Year 5-10 drop out rates
My prior is that drop out decreases over time, and in the data we have, drop out seems to be slightly more concentrated in the earlier years, so I would expect that the chances of someone who has already been highly engaged for 5 years to be much lower than when they are new.
My guess is that the rate for years 5-10 should be perhaps 50-75% of the rate for years 0-5.
If we go beyond 10 years, we don’t have any existing data. However, my prior is that the drop out rate will be declining (if the community continues in its current form), and that is also what extrapolating our current data would suggest, so my best guess is that the drop out rates over years 10-30 will be even lower, and that perhaps half of drop out will be concentrated in the first 10 years.
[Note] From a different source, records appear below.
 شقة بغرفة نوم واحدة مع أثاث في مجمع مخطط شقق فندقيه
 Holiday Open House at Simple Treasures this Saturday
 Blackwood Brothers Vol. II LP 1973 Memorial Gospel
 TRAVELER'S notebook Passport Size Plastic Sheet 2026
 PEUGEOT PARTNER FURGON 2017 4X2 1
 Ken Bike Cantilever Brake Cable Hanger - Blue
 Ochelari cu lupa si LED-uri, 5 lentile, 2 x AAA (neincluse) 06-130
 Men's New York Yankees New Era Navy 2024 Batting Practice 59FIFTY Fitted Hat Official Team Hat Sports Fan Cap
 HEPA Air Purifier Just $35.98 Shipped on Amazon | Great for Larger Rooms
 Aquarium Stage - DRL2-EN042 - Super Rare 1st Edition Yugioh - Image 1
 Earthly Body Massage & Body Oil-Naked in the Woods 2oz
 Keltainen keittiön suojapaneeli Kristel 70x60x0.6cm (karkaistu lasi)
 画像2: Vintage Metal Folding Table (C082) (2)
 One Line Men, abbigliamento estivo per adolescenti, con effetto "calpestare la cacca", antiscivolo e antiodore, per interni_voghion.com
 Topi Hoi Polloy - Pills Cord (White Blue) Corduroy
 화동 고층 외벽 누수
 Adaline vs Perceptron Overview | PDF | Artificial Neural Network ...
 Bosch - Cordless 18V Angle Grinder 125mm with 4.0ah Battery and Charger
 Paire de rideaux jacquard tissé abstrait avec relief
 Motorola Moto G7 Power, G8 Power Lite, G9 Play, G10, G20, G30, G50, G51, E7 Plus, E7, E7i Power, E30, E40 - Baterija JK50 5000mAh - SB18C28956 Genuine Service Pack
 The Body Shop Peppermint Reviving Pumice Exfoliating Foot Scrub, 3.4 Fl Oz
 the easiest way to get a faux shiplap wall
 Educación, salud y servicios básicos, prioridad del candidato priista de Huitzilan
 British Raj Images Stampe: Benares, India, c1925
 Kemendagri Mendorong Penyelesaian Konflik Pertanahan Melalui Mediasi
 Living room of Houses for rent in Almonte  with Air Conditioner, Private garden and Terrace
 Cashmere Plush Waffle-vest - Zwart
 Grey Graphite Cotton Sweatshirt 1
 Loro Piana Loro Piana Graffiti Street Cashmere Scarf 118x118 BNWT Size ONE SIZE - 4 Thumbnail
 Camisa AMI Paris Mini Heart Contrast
One big uncertainty is whether something along the lines of having children/buying a house/saving for retirement/middle age ends up being a big cause of drop out. I haven’t seen major signs of this so far, though most community members are under the age of 35, so there is little data, and the outside view seems to suggest this is a big transition.
Expected lifetime engagement
Previously, I put more weight on higher initial drop out rates for the most engaged, and would often assume that drop out rates wouldn’t decline as much. This made me think that the typical community member would stay involved for less than half of their career, which would mean that most of their expected impact would come from the earlier and middle parts of their career.
This analysis updated me towards the idea that for the most engaged current community members, much of their impact will come from work they do 15+ years in the future (depending on your assumptions about discount rates and how much productivity increases over a career).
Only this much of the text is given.